Une nouvelle enquête de L214 place Carrefour sous pression. L’association de défense des animaux a diffusé des images tournées en juillet et août 2026 dans un élevage de canards de Barbarie situé à Sèvremoine, dans le Maine-et-Loire. Selon L214, environ 11 500 canards y seraient élevés dans un bâtiment fermé, sans accès à une mare ni à une surface de litière, avec des animaux présentés comme blessés ou en difficulté pour se déplacer. L’association affirme que la viande issue de cet élevage est commercialisée sous la marque Carrefour Extra.
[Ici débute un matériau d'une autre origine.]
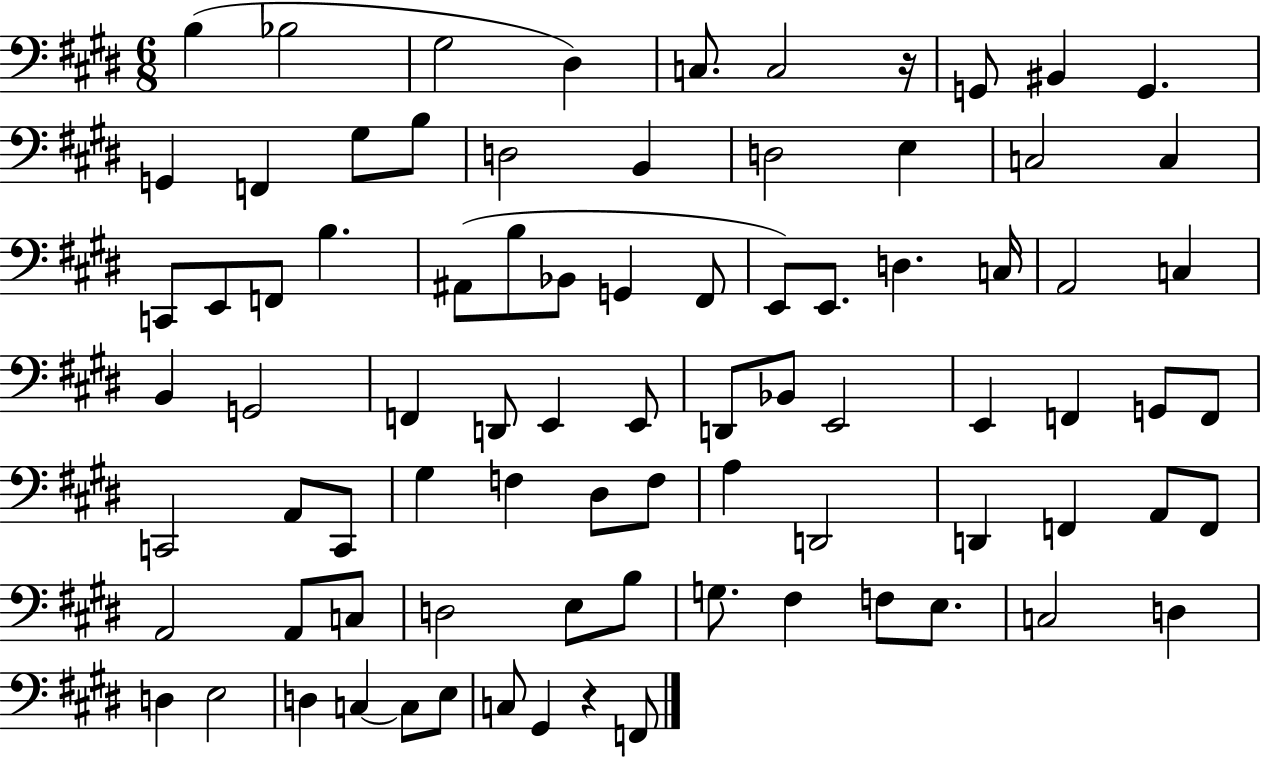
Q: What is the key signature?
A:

Les images sont particulièrement sensibles pour l’enseigne, car elles mettent directement en cause les conditions d’élevage d’un fournisseur de sa chaîne d’approvisionnement. L214 dénonce notamment l’utilisation d’un sol entièrement constitué de caillebotis en plastique et une densité d’élevage qu’elle juge incompatible avec les besoins des animaux. L’association montre également des canards présentant des blessures aux pattes ainsi que des animaux morts. Elle met enfin en cause les conditions de ramassage avant le départ vers l’abattoir, affirmant que les oiseaux sont manipulés brutalement et placés dans des caisses de transport.
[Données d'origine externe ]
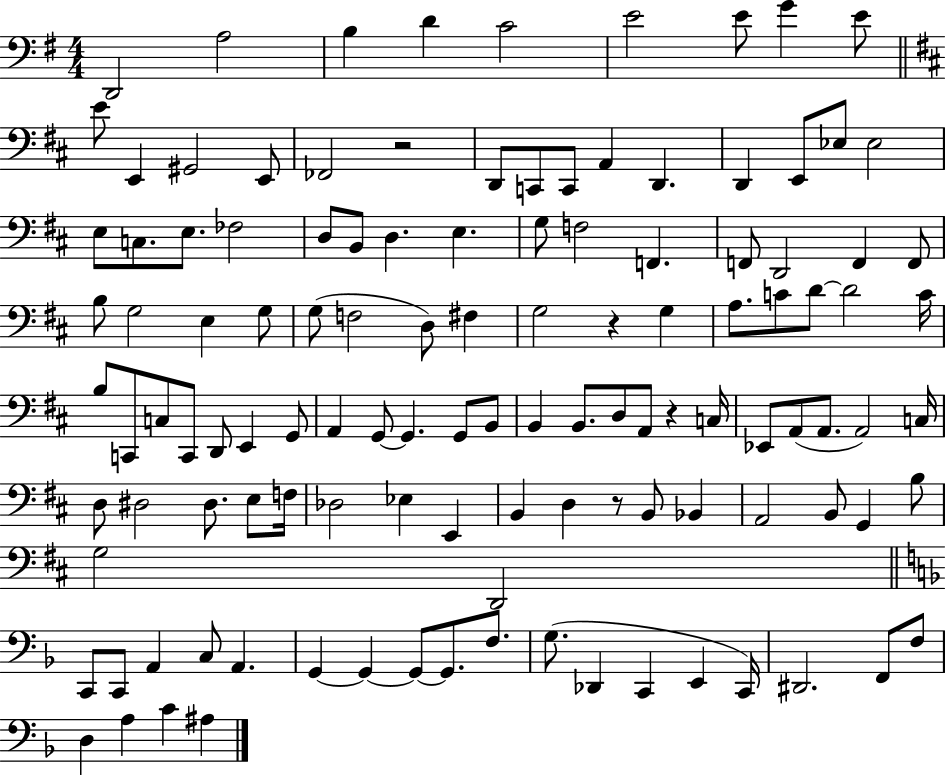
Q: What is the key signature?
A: G major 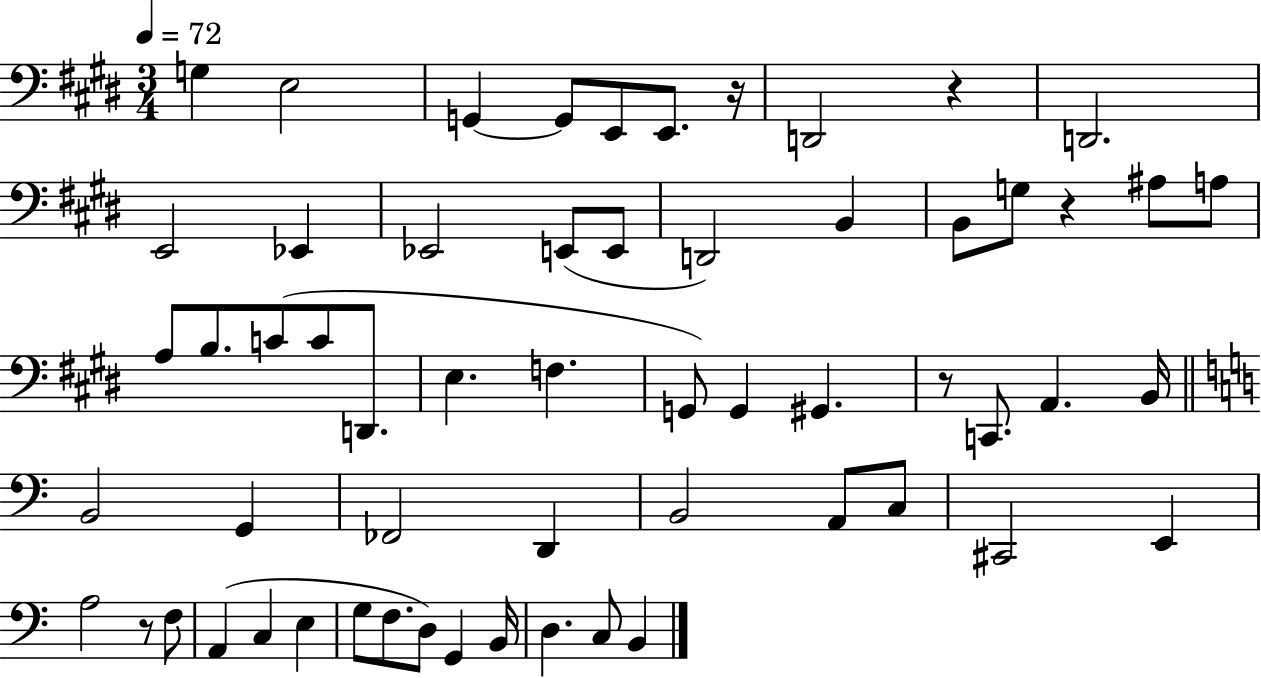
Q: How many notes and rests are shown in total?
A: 59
Carrefour réagit immédiatement après la diffusion des images
Face à la publication de l’enquête, Carrefour a adopté une position sans ambiguïté. L’enseigne reconnaît que les images tournées chez son fournisseur Galiance montrent « des animaux en situation de souffrance » et affirme condamner toute pratique contraire aux règles de bien-être animal. Carrefour indique avoir saisi les autorités compétentes afin qu’un contrôle soit effectué et assure avoir rappelé à son fournisseur les exigences auxquelles il doit se conformer. Cette réaction rapide permet à l’enseigne de montrer qu’elle ne cherche pas à minimiser les images, tout en renvoyant désormais aux contrôles la responsabilité d’établir précisément les éventuels manquements.
Pour L214, l’enjeu dépasse toutefois ce seul élevage. L’association demande à Carrefour de retirer les produits concernés de ses rayons et réclame une réduction de moitié du nombre d’animaux tués pour ses approvisionnements d’ici 2030. Le distributeur avait déjà été ciblé par l’association en avril dernier lors d’une mobilisation consacrée aux conditions d’élevage intensif. La nouvelle enquête remet donc sur le devant de la scène la question du contrôle des fournisseurs et de la cohérence entre les engagements affichés par les grandes enseignes et les pratiques observées dans certaines exploitations. Pour Carrefour, les conclusions du contrôle seront désormais déterminantes pour mesurer l’ampleur du problème et les éventuelles mesures à prendre.